You are viewing a plain text version of this content. The canonical link for it is here.
Posted to user@nutch.apache.org by Lincoln Ritter <li...@lincolnritter.com> on 2008/07/19 01:21:05 UTC
Re: Streaming.jar for Nutch?

Hi again.

Has there been any progress on this front?  I'm itching for a clean
way to use ruby for our analysis tasks.  I've been attempting to use
JRuby for this but without much success thus far.  Our primary concern
right now is parsing pages fetched with nutch into an intermediate
representation (likely in JSON) and then running various analysis
tasks over the generated JSON.

By way of background, my thinking on the JRuby front has been to
create a Java "harness" for m/r task that then dispatch to ruby code
to perform the required tasks.  This is turning out to be quite
cumbersome.

Thanks for your thoughts and solutions!

-lincoln

--
lincolnritter.com



On Wed, Jun 11, 2008 at 3:37 PM, Michael Gottesman <go...@reed.edu> wrote:
> I am working on a solution at the moment that involves writing out the data
> in a json format during the actual fetch during the Fetcher phase. This is
> the only time when the CrawlDatum/Content data are together, so makes sense
> if you are only interested in the actual website content and the
> metadata/fetch status (provided by the CrawlDatum)
>
> I will post it in a pastie if you are interested later tonight.
>
> Lincoln Ritter wrote:
>>
>> Chris,
>>
>> We've been considering doing something similar.  Since our development
>> environment is primarily ruby and we don't have a ton of java
>> expertise in our shop we're looking for a way to give our ruby people
>> a low-friction way of processing our crawl data.
>>
>> I've mainly been thinking about a JRuby solution.  My concern is
>> performance, but if it's not too bad then I'll take the trade off so
>> that our devs have a nicer time working with data.
>>
>> I'm pretty new to Nutch/Hadoop, but I'd love collaborate on any
>> solution that makes using ruby and Hadoop/Nutch easier.
>>
>> -lincoln
>>
>> --
>> lincolnritter.com
>>
>>
>>
>> On Wed, Jun 11, 2008 at 3:06 PM, David Grandinetti <db...@gmail.com>
>> wrote:
>>
>>>
>>> Chris,
>>>
>>> I'm not sure I understand completely, but I would try to write a parser
>>> plugin that pipes content to an external ruby process...or even just use
>>> JRuby.
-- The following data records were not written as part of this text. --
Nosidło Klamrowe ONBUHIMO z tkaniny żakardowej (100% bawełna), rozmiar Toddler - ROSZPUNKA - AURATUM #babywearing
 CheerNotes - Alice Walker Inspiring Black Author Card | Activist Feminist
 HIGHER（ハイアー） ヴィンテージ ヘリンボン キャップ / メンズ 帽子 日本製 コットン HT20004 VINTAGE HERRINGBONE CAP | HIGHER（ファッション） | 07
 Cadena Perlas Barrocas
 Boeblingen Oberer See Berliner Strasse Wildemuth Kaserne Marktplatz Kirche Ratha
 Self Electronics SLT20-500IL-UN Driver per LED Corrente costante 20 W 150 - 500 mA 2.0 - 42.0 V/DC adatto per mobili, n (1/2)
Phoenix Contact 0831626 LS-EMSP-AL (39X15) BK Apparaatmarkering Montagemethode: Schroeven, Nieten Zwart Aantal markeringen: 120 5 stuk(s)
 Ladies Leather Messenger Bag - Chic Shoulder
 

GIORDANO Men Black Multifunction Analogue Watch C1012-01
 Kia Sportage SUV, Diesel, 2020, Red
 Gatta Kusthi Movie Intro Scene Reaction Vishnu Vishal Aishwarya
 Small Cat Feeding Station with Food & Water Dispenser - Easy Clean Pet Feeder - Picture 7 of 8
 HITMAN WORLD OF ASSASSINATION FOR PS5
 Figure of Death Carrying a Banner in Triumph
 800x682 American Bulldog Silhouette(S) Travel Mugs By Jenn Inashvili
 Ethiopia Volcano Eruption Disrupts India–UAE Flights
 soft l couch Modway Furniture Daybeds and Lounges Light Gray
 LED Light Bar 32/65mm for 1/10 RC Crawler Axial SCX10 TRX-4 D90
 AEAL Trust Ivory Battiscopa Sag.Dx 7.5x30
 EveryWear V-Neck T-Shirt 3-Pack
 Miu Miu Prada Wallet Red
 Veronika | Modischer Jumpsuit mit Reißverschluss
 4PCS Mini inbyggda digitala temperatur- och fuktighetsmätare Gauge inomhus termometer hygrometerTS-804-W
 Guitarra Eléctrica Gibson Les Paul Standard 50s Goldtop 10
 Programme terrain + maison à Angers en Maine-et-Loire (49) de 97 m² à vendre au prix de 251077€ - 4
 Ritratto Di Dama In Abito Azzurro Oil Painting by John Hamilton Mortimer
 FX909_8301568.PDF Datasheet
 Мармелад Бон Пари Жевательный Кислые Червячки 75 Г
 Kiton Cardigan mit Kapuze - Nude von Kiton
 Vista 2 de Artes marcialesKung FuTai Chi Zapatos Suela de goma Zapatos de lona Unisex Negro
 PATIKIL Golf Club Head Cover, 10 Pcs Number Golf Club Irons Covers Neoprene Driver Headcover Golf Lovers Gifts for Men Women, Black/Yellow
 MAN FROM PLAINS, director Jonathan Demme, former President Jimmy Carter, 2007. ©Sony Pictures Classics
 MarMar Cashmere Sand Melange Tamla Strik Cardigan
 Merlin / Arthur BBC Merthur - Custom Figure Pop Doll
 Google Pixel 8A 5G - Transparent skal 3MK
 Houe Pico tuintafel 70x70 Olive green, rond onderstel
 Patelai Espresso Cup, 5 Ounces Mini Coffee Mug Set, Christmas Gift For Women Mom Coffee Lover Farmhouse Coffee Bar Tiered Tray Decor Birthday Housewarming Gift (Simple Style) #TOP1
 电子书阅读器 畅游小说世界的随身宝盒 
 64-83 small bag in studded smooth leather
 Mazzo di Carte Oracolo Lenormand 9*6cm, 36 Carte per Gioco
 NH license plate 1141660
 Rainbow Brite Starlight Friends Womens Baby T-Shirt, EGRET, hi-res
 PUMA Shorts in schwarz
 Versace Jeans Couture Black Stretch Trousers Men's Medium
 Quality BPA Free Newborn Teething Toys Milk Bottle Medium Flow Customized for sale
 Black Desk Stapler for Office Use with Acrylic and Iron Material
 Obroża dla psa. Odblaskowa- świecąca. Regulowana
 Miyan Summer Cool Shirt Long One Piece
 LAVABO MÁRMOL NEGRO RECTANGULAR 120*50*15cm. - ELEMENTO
This way would keep you from having to worry about the
>>> complexities
>>> of interacting with Hadoop directly.
>>>
>>> What kind of ruby parsing are you looking to do? I had considered doing
>>> the
>>> same thing to parse and sanitize news feeds.
>>>
>>> -dave
>>>
>>> --
>>> david grandinetti
>>> ideas for food and code
>>>
>>>
>>> On Jun 11, 2008, at 16:46, "Chris Anderson" <jc...@gmail.com> wrote:
>>>
>>>
>>>>
>>>> We're planning to run some Ruby parsers on the fetched content from a
>>>> Nutch crawl. It seems like the best way to do this would be through an
>>>> interface like Hadoop's streaming.jar, but streaming.jar expects a
>>>> line-based input format.
>>>>
>>>> Has anyone written a version of streaming.jar for Nutch? We're working
>>>> on one, so if you'd like to collaborate (or have any advice), please
>>>> reply!
>>>>
>>>> Thanks,
>>>> Chris
>>>>
>>>> --
>>>> Chris Anderson
>>>> http://jchris.mfdz.com
>>>>
>>>>
>>>>
>>>> --
>>>> Chris Anderson
>>>> http://jchris.mfdz.com
>>>>
>>
>>
>